Go through the entries below and copy each line containing the word "Powder".

———

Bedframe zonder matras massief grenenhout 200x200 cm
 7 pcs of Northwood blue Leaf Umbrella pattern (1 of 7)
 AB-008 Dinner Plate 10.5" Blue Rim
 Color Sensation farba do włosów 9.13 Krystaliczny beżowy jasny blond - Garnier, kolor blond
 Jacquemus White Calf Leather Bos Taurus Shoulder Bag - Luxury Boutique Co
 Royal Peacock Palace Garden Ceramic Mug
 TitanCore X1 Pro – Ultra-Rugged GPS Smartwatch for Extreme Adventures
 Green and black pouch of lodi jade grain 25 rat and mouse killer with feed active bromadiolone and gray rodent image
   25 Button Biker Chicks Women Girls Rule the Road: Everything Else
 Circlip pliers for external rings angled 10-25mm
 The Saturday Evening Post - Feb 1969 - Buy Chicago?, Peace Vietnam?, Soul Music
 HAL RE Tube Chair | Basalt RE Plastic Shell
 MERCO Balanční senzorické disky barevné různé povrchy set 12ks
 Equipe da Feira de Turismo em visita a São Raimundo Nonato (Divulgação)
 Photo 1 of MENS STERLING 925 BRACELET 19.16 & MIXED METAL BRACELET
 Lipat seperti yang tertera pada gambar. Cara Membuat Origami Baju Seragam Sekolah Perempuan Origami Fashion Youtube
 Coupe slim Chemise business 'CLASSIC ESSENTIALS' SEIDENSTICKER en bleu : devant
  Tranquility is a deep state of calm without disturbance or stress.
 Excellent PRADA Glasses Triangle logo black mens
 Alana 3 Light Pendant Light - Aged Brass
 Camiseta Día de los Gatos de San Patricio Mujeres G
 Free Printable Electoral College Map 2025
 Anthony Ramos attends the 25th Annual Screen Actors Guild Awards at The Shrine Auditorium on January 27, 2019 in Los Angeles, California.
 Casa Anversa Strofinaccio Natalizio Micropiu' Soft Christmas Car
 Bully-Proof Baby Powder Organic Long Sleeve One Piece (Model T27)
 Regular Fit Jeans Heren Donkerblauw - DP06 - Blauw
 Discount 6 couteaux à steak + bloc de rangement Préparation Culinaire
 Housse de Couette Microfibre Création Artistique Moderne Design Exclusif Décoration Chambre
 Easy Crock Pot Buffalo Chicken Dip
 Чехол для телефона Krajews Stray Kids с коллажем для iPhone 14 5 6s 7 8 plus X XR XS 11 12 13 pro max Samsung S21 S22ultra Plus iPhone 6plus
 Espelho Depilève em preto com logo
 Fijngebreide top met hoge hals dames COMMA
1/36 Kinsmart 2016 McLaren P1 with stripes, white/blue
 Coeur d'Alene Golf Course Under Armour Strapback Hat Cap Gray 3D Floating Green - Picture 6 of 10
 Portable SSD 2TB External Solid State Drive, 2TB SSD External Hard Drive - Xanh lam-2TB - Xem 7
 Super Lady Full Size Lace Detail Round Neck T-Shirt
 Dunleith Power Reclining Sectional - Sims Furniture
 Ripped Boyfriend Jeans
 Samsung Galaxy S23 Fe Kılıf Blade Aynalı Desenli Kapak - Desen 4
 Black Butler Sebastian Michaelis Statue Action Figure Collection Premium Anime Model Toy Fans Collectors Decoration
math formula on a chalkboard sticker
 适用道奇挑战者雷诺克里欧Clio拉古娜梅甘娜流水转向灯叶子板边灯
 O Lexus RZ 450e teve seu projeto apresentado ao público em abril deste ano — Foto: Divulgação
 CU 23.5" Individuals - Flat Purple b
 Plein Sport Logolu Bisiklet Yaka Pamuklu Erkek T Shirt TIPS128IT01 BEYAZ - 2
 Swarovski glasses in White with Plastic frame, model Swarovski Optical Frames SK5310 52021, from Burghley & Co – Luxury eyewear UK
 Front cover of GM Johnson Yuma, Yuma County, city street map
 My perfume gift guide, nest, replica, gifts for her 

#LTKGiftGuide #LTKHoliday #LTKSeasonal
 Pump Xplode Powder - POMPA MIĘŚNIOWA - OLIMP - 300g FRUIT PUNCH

———

■ The answer ■
 Bully-Proof Baby Powder Organic Long Sleeve One Piece (Model T27)
 Pump Xplode Powder - POMPA MIĘŚNIOWA - OLIMP - 300g FRUIT PUNCH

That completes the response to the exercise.